専門治療(アルコール外来)

専門治療アルコール外来

減酒支援外来

あなたのお酒の飲み方は大丈夫ですか?

現在のお酒の飲み方を続けると、将来お酒のためにあなたの健康や社会生活に影響がでる恐れはないでしょうか。お酒は、現在治療中の病気の回復の妨げになるばかりか、病状を悪化させる危険性があります。
もしもあなたがお酒の量を減らす、あるいは止めることに関心をお持ちでしたら、当院へご相談ください。国立肥前精神医療センター監修のワークブックを用いて、減酒支援を行っています。
減酒支援外来は、断酒を強制するものではありません。現在のお酒の飲み方が適正か、客観的に評価を受けることができます。このまま飲み続けても良いのか、減らした方が良いのか、あるいは止めた方が良いのか。あなたの進むべき方向を自分自身で選ぶことができるように、私たちがお手伝いを致します。
そのうえで、もし、お酒を減らしてみたい……とお考えであれば、お酒の飲み方をどのように変えるのか、お酒の量を減らすコツをお伝えしながら、あなたがその目標に向かわれるあいだ、しばし伴走致します。

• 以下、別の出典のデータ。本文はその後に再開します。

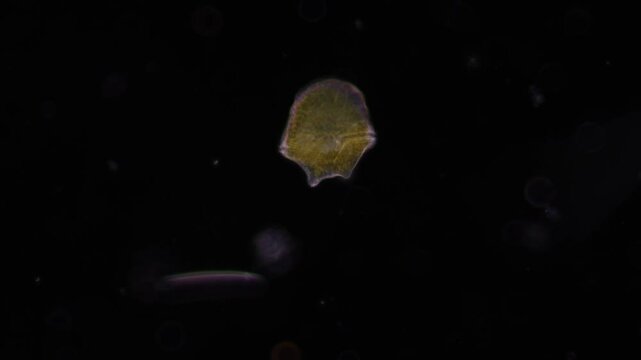 Methods of study of Protozoa, Algae and bacteria under the microscope in the biology laboratory.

お酒の量を減らして変わる自分自身を想像してみてください。

  • よく眠れるようになるかもしれません。
  • 憂うつな気分が減って、気分がよくなるかもしれません。
  • 体が今よりも楽になり、体力がつくかもしれません。
  • 能率が上がり、仕事が充実するかもしれません。
  • 家庭や職場などでの人間関係が良くなるかもしれません。
  • 体重と血圧が下がり、メタボの危険が減るかもしれません。
  • 心臓病や癌、肝臓病で命を落とす危険性が減るかもしれません。
  • 脳にダメージを与えることなく、健やかな老後をむかえることができるようになるかもしれません。
  • お金がたまり、生きている間にできることが増えるかもしれません。
  • しらふで過ごす時間は、あなたが思っているよりも、悪くないかもしれません。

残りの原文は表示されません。